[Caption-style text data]

○ ○ ○ ○ ○

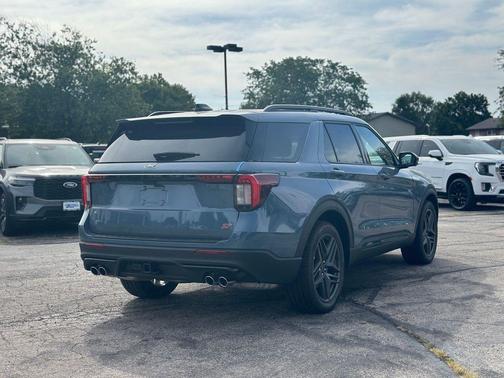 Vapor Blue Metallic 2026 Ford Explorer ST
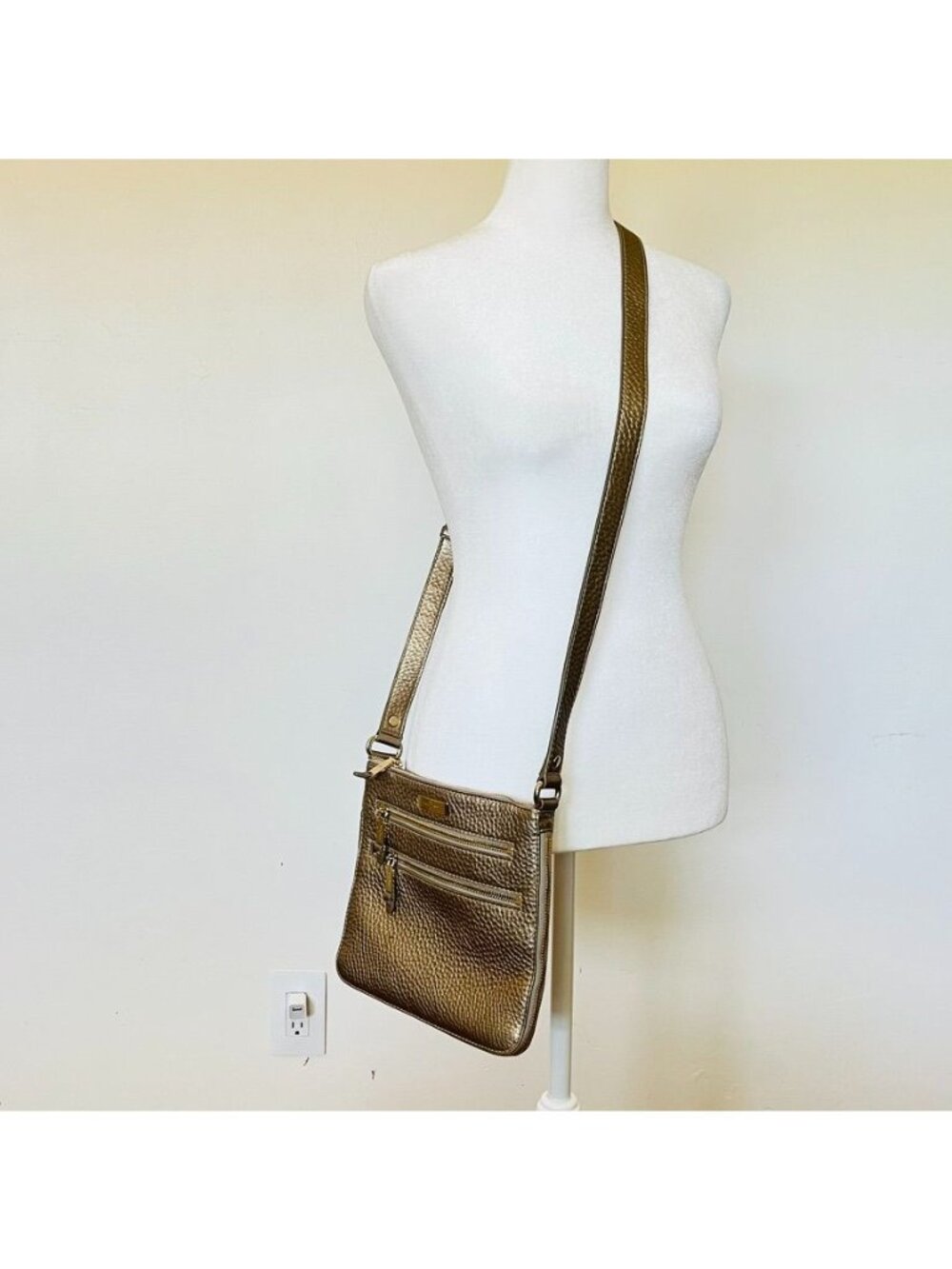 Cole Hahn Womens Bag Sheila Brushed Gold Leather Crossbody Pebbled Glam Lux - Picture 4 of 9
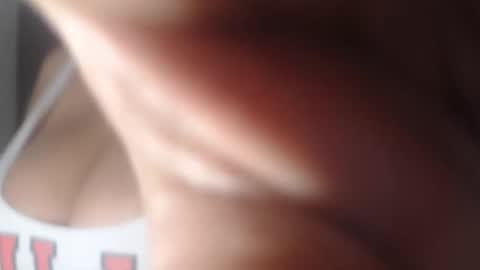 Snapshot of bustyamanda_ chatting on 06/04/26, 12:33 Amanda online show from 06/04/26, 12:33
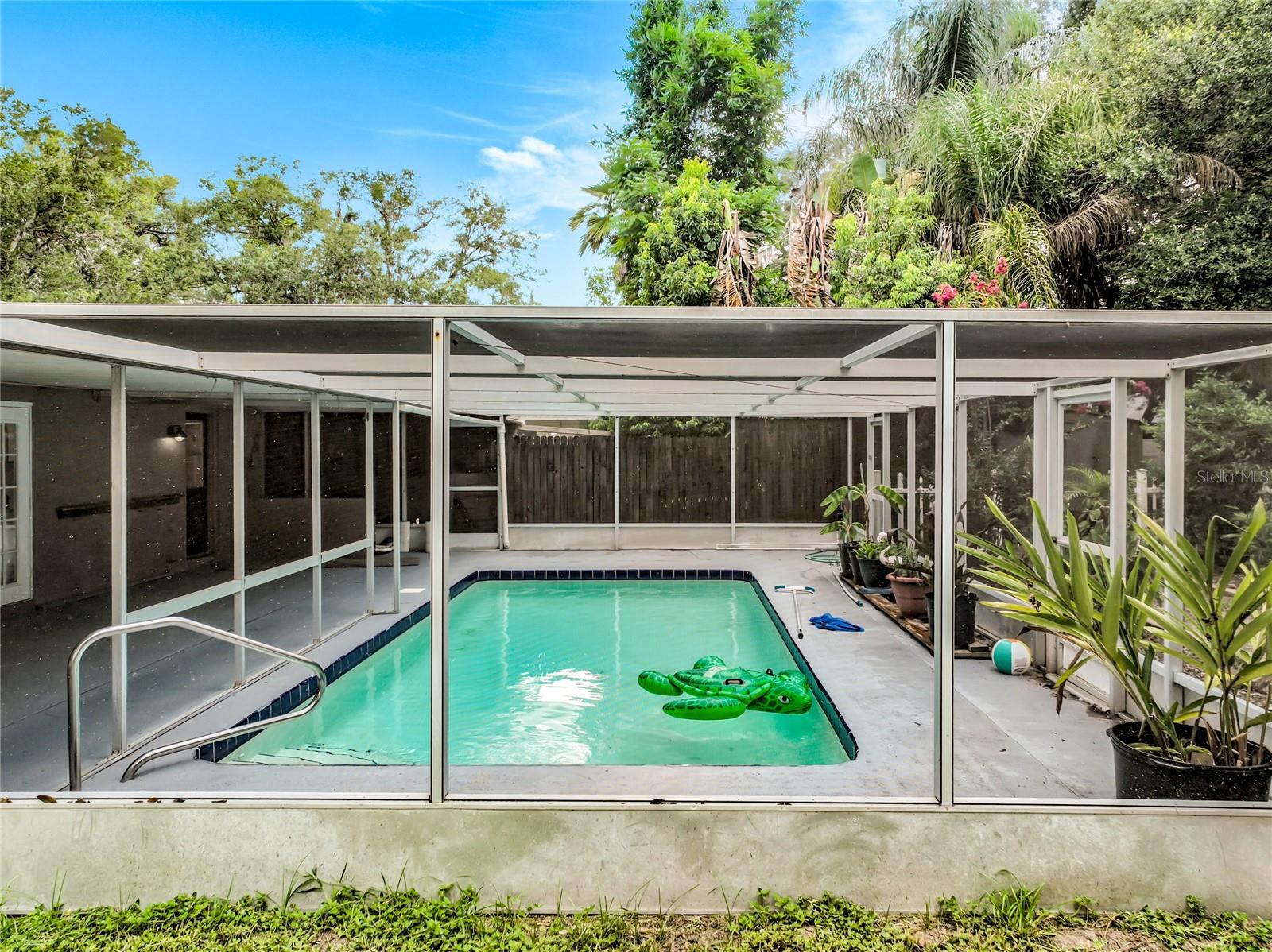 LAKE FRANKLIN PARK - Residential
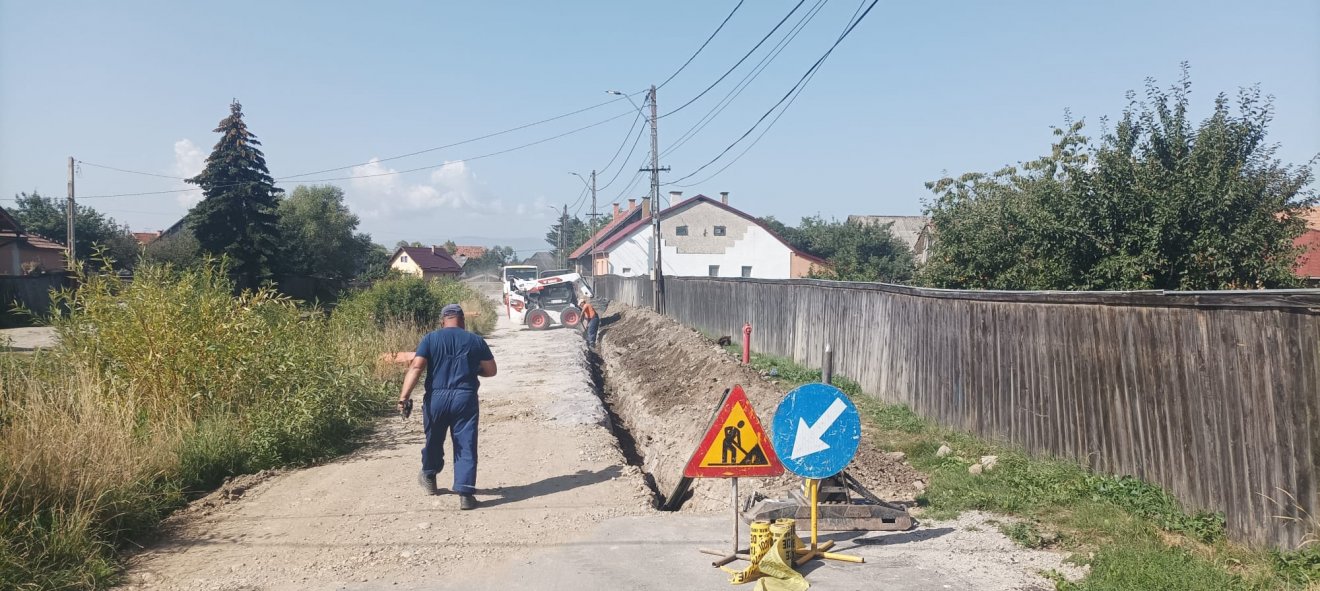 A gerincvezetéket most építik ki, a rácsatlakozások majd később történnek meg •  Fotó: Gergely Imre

○ ○ ○ ○ ○

• **TASK PROMPT**
Verbatim copy with pictures excluded: write out the records above in full.

• **ANSWER**
 Vapor Blue Metallic 2026 Ford Explorer ST
 Cole Hahn Womens Bag Sheila Brushed Gold Leather Crossbody Pebbled Glam Lux - Picture 4 of 9
 Snapshot of bustyamanda_ chatting on 06/04/26, 12:33 Amanda online show from 06/04/26, 12:33
 LAKE FRANKLIN PARK - Residential
 A gerincvezetéket most építik ki, a rácsatlakozások majd később történnek meg •  Fotó: Gergely Imre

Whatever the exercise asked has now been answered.